Now listening to : Destroyer, "Destroyer's Rubies"
Especially recommended: Track 4 - Painter In Your Pocket
In terms of social presentability, any day I don't end with ink marks on my nose, or one cheekbone or the other, is a good day; I haven't had one of those in quite a while, now. The combination of my 8-shot afternoons, the sort of skitter-pump-pump-pump-ohhhhhhh popsongs I've been listening to, and the need I have to dance in the most peculiar ways, all leads to wrist-flicks anchored by propped elbows, which puts the fine-point black ink uni-balls - held by the hand in chopstick style - at just about chin-level, and inky trails of academic abandon ensue.
So, my complexion aside, the days have been pretty decent. The new Destroyer album is so mindpleasingly EXCELLENT. The (more or less) title track and '3000 Flowers' are easy on the hips, and you should feel encouraged to check them out as soon as you can stop pushing replay on 'Painter'. That acoustic guitar line. Sooooo good. And the paper? Is coming. I _finally_ found some academicly-acceptable minds (Helloooooo Berger . . . ) who've dealt with similar themes in Catholic and Protestant modernity-responses, so I should be able to work this thing out after all; we'll all know for sure when Tuesday comes and I'm forced to present alongside a fucking PhD kid with fingertips all dug into the pulsings of Turkish Politics. But my earrings are better.
I get more and more intrigued by the relationship between Ratzinger, Rahner and Kung as I go. They're germans, they're theologians, they're political catholics; how much farther into my grill do they need go before I aknowledge myself a perfectly willing stalker? I've even got a book-title, (please consider my publishing this here/now as an intellectual property rights issue, instead of an incredibly premature bit of hubris on my part): "The Apostle, The Apologist and The Apostate" - catchy, no? Oversimplified to the point of kitsch? yes. But it, like '3000 Flowers' is VERY catchy.
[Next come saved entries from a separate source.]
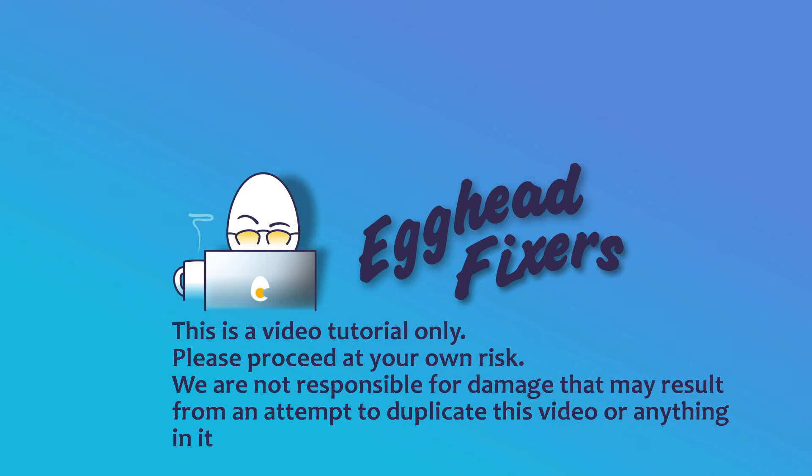This is Liz. I'm an HP certified technician and today we're going to be discussing what to do if you get that blue screen error critical process died.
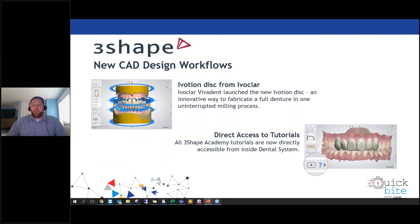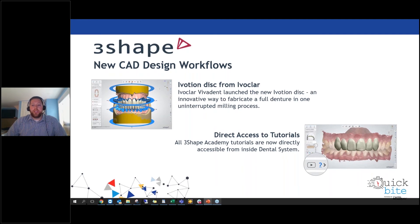Additional new CAD designs include the Ivocion disc from Ivoclar Vivident, a new digital dentures workflow. Ivocion uses a unique 3D database tool with dental arch geometry in the disc and combines teeth and base material in one bi-color disc to deliver an efficient monolithic digital denture solution. The finished dentures only need to be polished after milling before going straight to delivery. With Dental System 2020, users can design these dentures and accurately place them within the disc — exclusively available with 3Shape Dental System.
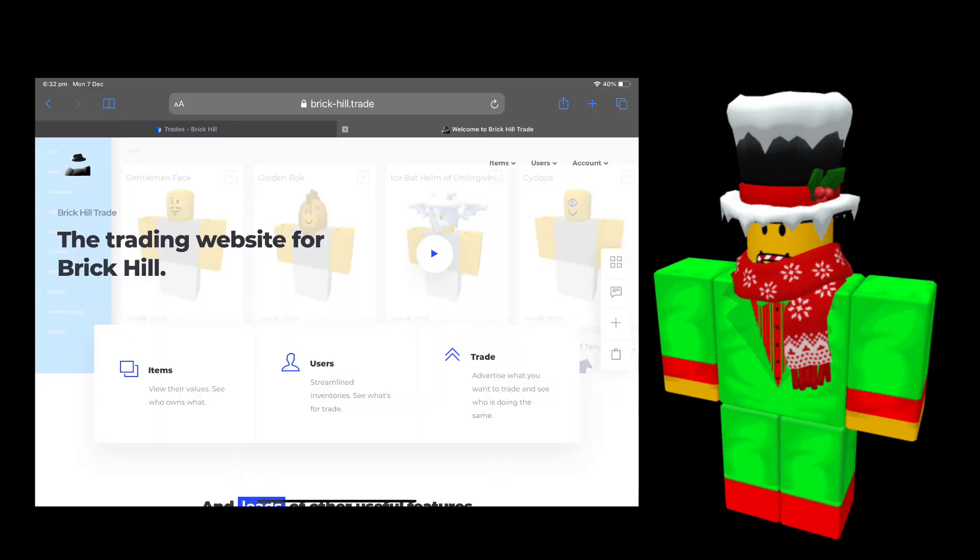You trade them with other users. There's also a website called Brick Hill Trade which is just generally all about trading in Brick Hill. It shows the values of items, tips, richest people, scammers. It gives you useful tips on how to trade. I really recommend it if you are interested in trading.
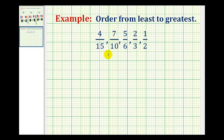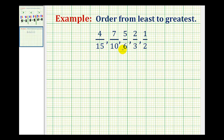So we're looking for a number, or hopefully the smallest number, that would be a multiple of fifteen, ten, six, three, and two. The least common multiple, or least common denominator, would be thirty. So we're going to rewrite each of these fractions with a denominator of thirty, and that will help us order these from least to greatest.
Alain Badiou spoke on campus last week ( - Good lord, it was only last thursday. It feels so long ago. - ), and he was in many ways adorable (the avacado sweater, for example, was a more-than-justified choice), but I continue to be irrationally suspicious of anyone who holds 'Justice' as a fixed idea, and stretches their theories around it. I still don't believe in 'Justice' as any kind of equalizer or democratizer or soother of any kind. Which is to say : there's always this sense that justice fixes previous actions/events - that it balances and ameliorates them. But an act of justice is still an act. It has its own repercussions, it's own ripple effect. It's not a corrective, it's a crusade. Kind of always. Good people can deploy the term justice, thinking the common definition is all there is to the situation, and end up badly. Of all the places to be aware of supporting presuppositions, you'd think a concept used so constantly as a precursor to the words 'Force' and 'War' would have earned a little more oversight. I don't mean this in a moral relativism way; I just mean that when we're enforcing our moral justifications, as we will/must do, we should know that we're not a cleanup crew, we're a new demolition derby.
"Tall ships made of snow invading the sun."